Monday, January 7, 2013

Hen Harrier, Grey Plover, Gt Northern Diver

Despite high pressure over western France, this western seaboard has been shrouded in ‘Scots mist’ for the past week or so. But hazel catkins are already a-dangle over the lane; narcissi shooting beside the gate; lawn needing a trim already: winter has been washed away leaving an early taste of spring.

Dull morning on the estuary brings fewer species than usual, but some memorable highlights. Expected neat little Teal, sharp-winged Wigeon and large upright Shelduck on shining mud-banks; small party of back-quiffed Merganser, drakes displaying in quietly filling estuary channel; large party of gulls rest up on wide sand flats. Heavy brown Curlew stand on the river bend; smaller, elegant grey and silver Redshank, active and alert.

Scanning for soaring raptors over far dunes, a small white bar floats over and across expansive reed-beds backed by dark osiers at the back of the marsh; only gradually, camouflaged, brown angled wings and long steering tail of female Hen Harrier materialises, quartering reed-bed margins.

On boulder shore, large, white-on-black Oystercatchers take off, ‘peeping’ frantically as usual with smaller, stripe-winged Turnstones; soft mewing with buzzing calls from a party of small, fast, sharp-winged Ringed Plover and Dunlin wheeling out over the sea then back and away up the estuary.

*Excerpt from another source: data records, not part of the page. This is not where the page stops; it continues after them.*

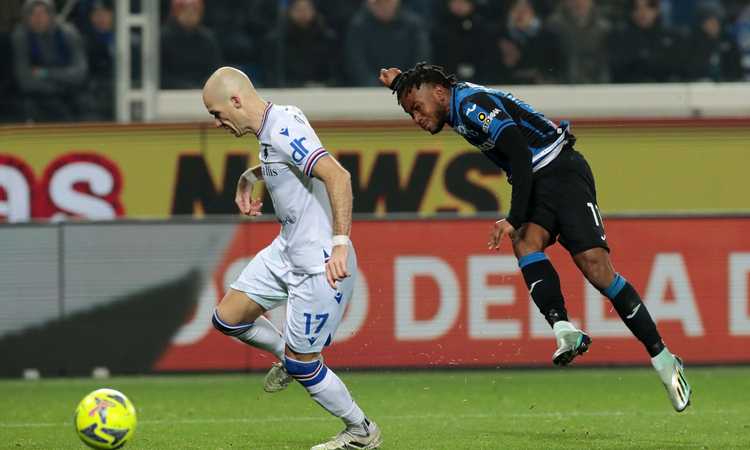 Maehle e il solito, sontuoso Lookman: l'Atalanta archivia la pratica Samp ed è terza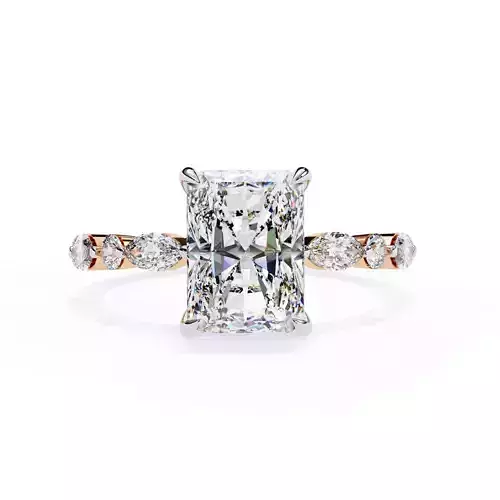 Solitaire Diamond Ring 360 animation renders 3dm stl 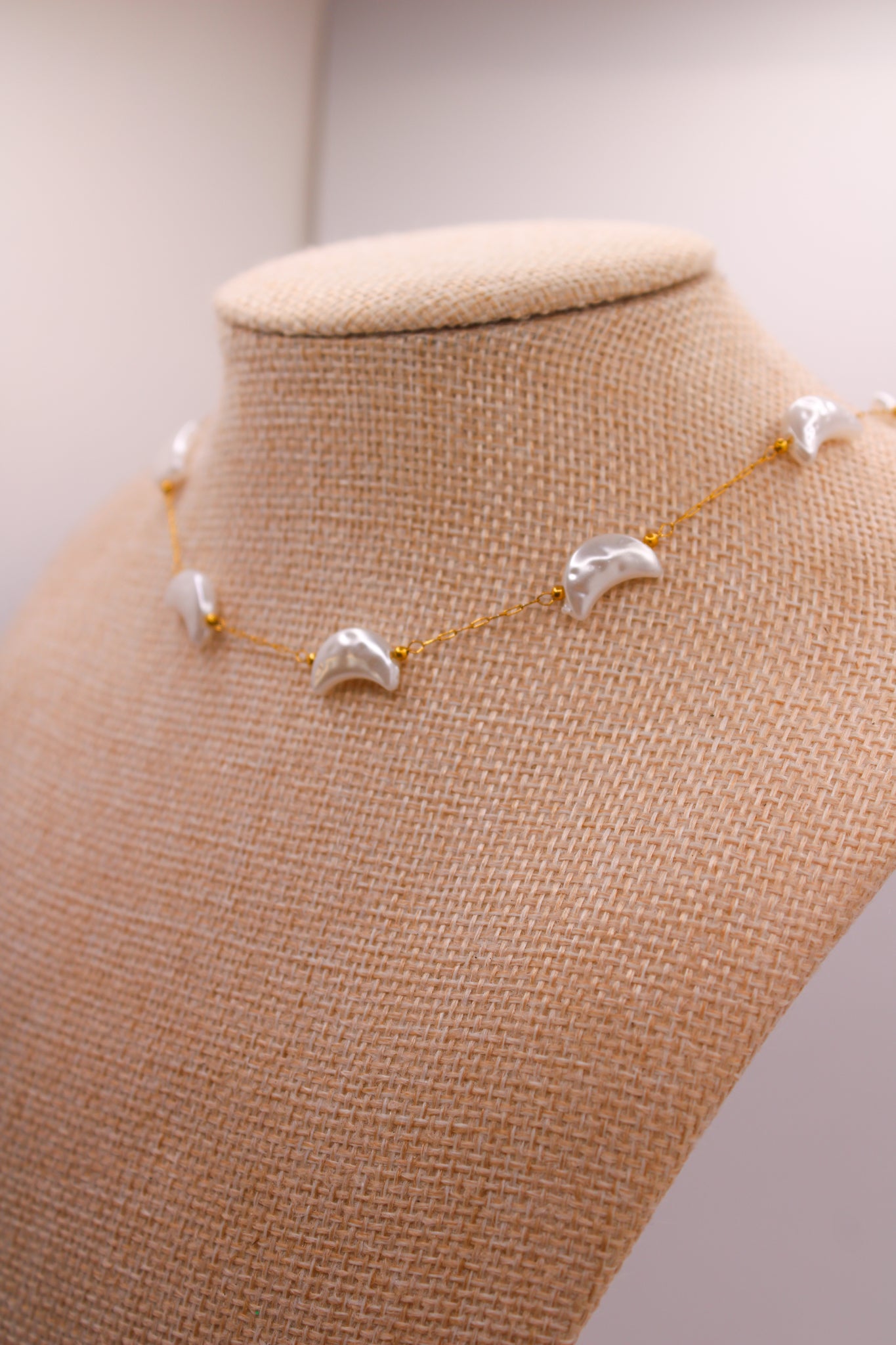 Lunar Pearl Necklace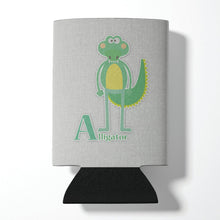 Load image into Gallery viewer, Alphabet A for Alligator Can or Bottle Hugger BB5726CC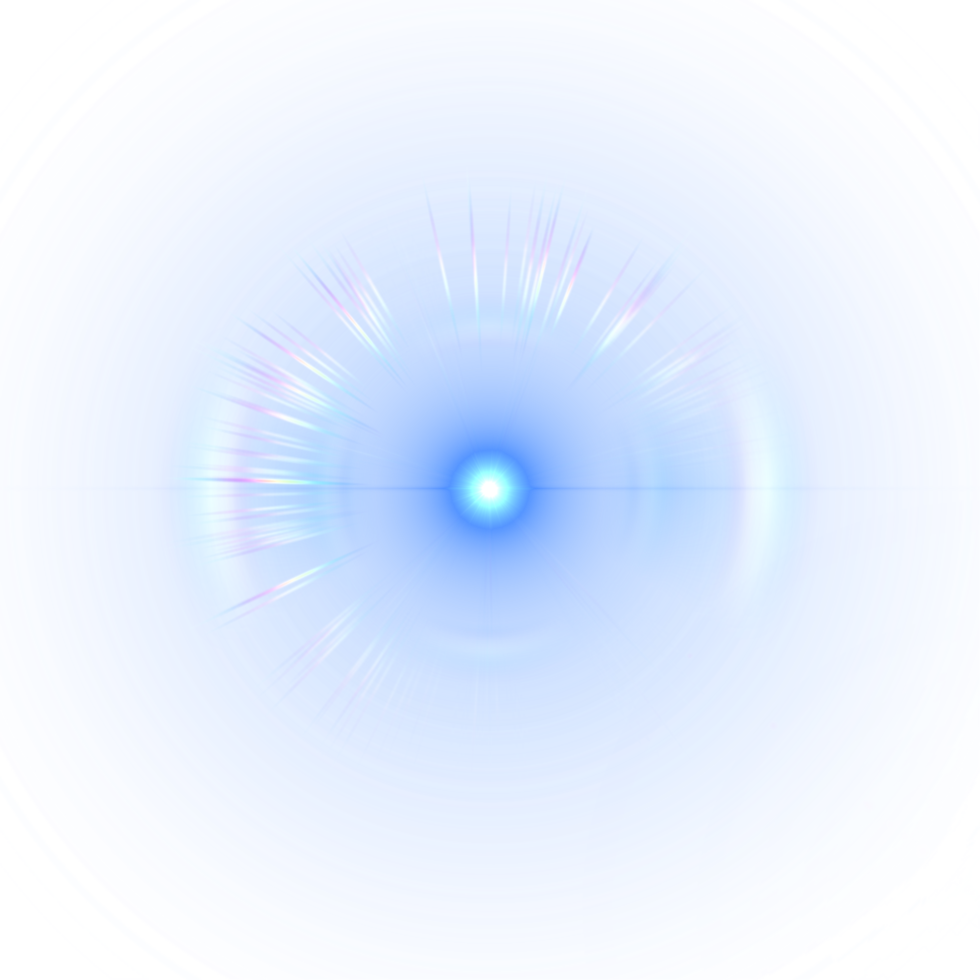 Lens flare light special effect background png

Two distinctive plaintive calls from a single, medium-sized wader heading away in direct flight across the estuary mouth, grey with pale wing-stripe, belly and rump, alighting upright and stout billed in dark bladder-wrack: first Grey Plover of the year.

Taking the eye from the ‘scope, a long, low, dark form swims seaward in the estuary mouth below, heavy-ridged brow deciding unusually close view of Great Northern Diver, seen here perhaps once a year, twisting up a clear white belly to preen before swimming fast with the current into spreading waters of the filling estuary.